One shows the crossing of the large pipe under Finsbury Gardens where the brickwork junction is seamless and superb.
The other, smaller, pipe is probably a later insertion, to judge from the less classy concrete junction.
It is very special to look up into the manhole which we will only be able to see from the top in Finsbury Gardens in the foreseeable future! It can again become a comfy bat-roost.
And the bats are back! One photo shows an early arrival tucked up where the 1930’s reline (featured last week) meets the brickwork and a bat is still roosting.
The last shows the new brickwork added during the relining. In the crown of the tunnel only
The people
We know nothing about the men who originally built the tunnel, but we are lucky to have a few details about those who have been ‘guests of Myddleton Road’ for the last seven weeks.
The Site Foreman, Steve Best, has worked for Thames Water most of his life and its sister company, Barhale, for nine years on the Tunnel Inspection team.
He has done lots of jobs on the New River: concrete re-lining at Cheshunt, North of the A10, Broxbourne, Anwell (which Steve says is really lovely with two islands and worth a visit), lots of tunnels and raising of embankments to stop leaks.
At Mardensbrook there are four tunnels and there used to be fine sandstone head wall, but sadly the sandstone stocks were so broken that had to be repaired and covered in concrete.
Steve has three children, aged 13, 10 and 6, and, I am delighted to say, took two days holiday in half term to be with the family
Photo of the clearing team
This team work very well together and Steve is trying to keep them together for other projects.

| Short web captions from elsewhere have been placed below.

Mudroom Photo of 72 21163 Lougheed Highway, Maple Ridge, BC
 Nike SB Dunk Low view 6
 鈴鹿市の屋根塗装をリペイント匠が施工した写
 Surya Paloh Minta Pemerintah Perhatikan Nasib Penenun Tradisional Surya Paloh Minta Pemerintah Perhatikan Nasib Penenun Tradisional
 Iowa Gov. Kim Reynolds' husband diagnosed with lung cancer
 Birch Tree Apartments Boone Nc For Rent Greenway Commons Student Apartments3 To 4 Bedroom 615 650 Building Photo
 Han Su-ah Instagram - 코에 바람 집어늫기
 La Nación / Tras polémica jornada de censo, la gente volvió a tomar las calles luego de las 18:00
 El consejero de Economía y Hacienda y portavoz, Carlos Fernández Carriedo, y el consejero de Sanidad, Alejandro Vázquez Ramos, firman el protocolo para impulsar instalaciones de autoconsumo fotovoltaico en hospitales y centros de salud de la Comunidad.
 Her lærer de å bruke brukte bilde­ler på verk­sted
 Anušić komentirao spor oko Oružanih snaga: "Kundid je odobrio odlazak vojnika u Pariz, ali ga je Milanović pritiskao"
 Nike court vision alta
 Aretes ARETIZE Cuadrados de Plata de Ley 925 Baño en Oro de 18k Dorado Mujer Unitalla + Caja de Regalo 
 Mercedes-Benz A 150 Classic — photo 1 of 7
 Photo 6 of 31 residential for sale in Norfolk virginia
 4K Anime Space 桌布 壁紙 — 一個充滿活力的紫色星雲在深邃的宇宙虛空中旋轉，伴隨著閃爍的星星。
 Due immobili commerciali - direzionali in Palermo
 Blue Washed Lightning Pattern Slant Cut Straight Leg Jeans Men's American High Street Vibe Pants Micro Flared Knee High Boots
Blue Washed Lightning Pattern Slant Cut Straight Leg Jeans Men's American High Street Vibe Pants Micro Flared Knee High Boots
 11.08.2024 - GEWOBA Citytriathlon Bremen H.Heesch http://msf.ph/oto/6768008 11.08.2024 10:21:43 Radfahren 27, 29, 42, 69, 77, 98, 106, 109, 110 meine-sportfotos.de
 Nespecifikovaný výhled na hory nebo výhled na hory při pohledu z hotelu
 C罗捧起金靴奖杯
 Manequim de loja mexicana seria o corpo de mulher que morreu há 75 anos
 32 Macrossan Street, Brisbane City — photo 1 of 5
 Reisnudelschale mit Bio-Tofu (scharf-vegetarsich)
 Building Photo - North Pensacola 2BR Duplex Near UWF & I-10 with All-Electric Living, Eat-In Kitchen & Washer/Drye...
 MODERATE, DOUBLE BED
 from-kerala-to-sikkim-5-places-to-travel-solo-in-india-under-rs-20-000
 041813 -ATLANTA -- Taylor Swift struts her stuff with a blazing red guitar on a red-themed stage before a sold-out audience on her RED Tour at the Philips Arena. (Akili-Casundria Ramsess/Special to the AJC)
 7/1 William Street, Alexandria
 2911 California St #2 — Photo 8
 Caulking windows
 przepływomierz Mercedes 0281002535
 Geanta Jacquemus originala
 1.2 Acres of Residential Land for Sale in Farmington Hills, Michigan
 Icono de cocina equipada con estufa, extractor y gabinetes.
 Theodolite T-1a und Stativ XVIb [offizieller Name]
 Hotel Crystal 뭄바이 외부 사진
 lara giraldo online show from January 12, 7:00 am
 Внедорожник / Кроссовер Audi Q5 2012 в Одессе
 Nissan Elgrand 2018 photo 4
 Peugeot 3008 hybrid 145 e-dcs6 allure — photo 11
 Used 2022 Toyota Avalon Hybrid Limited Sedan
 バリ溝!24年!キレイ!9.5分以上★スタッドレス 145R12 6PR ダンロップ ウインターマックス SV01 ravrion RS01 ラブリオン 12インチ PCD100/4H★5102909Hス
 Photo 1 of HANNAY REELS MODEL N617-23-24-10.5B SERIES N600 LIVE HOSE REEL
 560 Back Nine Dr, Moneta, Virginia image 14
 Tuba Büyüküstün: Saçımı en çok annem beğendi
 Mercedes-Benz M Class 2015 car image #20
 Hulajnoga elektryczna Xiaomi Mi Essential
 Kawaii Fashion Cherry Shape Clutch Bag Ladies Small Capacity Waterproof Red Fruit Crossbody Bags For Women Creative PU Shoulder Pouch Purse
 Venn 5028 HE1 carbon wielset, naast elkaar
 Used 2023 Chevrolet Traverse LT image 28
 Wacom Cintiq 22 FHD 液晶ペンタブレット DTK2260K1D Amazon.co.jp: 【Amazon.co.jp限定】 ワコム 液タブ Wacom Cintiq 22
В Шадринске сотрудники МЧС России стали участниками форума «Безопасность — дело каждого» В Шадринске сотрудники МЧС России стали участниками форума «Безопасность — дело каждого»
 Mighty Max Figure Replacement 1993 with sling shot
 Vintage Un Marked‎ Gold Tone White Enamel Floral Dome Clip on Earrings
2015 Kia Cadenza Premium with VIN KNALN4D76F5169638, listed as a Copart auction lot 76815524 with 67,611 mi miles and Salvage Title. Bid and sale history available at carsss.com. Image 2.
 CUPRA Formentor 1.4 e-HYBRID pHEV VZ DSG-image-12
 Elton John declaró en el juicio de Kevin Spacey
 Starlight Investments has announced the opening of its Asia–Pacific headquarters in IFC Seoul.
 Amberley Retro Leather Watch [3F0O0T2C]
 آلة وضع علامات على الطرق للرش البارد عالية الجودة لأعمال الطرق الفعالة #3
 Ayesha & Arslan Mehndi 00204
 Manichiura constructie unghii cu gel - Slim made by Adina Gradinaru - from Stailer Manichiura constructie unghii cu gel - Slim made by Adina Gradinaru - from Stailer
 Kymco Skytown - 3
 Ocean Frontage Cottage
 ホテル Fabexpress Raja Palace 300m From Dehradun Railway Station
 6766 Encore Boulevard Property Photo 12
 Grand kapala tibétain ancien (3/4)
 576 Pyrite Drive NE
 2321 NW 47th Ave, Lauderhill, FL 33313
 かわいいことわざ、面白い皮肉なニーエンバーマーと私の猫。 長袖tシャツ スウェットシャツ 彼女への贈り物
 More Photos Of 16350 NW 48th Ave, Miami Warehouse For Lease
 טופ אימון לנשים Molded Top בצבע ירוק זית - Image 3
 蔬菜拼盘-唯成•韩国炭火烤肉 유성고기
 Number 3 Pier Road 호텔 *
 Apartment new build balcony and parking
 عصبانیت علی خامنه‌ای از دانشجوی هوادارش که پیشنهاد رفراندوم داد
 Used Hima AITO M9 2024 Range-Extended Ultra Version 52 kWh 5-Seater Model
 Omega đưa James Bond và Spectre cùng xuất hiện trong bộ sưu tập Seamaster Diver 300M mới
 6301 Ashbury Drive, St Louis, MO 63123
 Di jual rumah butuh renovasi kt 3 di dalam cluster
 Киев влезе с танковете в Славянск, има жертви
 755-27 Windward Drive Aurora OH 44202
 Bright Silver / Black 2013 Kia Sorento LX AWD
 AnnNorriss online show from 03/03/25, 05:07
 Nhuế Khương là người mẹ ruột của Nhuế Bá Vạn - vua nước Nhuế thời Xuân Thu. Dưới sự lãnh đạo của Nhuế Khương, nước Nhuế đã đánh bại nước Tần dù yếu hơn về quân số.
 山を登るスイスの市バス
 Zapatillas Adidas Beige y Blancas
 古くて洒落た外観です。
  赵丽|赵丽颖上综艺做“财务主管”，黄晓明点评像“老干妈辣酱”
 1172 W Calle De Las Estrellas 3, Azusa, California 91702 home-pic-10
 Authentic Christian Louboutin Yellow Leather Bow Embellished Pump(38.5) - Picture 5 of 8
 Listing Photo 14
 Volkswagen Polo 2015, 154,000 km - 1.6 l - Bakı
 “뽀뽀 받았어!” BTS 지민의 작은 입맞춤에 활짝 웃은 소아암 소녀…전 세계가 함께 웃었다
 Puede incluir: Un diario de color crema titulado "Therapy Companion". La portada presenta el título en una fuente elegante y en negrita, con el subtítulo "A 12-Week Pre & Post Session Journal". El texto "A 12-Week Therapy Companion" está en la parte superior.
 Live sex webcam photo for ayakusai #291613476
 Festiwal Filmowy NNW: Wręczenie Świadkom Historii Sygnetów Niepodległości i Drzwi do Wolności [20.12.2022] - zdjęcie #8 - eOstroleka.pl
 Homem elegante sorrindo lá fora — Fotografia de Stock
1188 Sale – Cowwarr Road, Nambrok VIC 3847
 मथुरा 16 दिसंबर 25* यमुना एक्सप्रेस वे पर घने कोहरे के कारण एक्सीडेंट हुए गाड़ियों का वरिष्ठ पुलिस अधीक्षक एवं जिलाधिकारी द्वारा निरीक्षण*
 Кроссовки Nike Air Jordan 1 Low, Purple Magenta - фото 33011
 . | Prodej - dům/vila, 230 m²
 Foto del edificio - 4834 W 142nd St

There are a number of Lithuanians and Romanians as well as ‘Native Brits’, much in the same way as in the 19th century many of the ‘manual workers’ were Irish, but the Irish don’t like working in tunnels these days! The youngest member of the team is Matthew Wilkinson who has just finished his ‘confined space training’. He ‘commutes’ each week from just north of Cardiff – with his Dad David! They are one of a number of fathers-and-sons on the larger team, and there are also two brothers who are Steve’s ‘top chaps’. I don’t know why I was surprised to learn of the related workers, but I was. There feels something ‘good’ about this for me. Barhale itself is a family firm so perhaps there is an ethos, or something.
On the final day, as some men were dismantling the dam, Steve said, “The job has given me some headaches, but it has been an interesting one. Barhale says ‘Thanks’ to local residents, who have been very kind and not difficult or critical, which is what often happens.” He also says, “The blog made it go well, as it was not negative and created an interest.”(Thanks, Steve.)
Well….. I didn’t know ‘till I was well in to this that I was writing ‘a blog’. To me, I have written short illustrated reports. But I don’t mind so long as they have been interesting to readers. I have enjoyed it.
Thank you to Steve Best and all his team and good luck with the next job.
Sorry…. The bad news is…...the New River Path from Myddleton to Whittington will still be CLOSED for a few weeks more as Thames Water now has to do urgent bank repairs. The banks often get bad in the winter, and after the rains of this year the banks are already slipping and some of the timber shuttering is collapsing. Thames Water is going to keep the path closed until the work is finished and the path safe for us all to use again.
We all hope that work can move ahead quickly and that our path will be open again soon.
But be warned! The timber embankment is in a generally poor state and now has a fairly limited life. It will then have to be replaced in concrete. So make the best of the simpler, gentler, old-fashioned technology and enjoy it while it lasts and look after and respect the New River and all who work in her.
Photo of timber
Caroline Simpson November 7th 2012
Fascinating insights, thanks so much Caroline!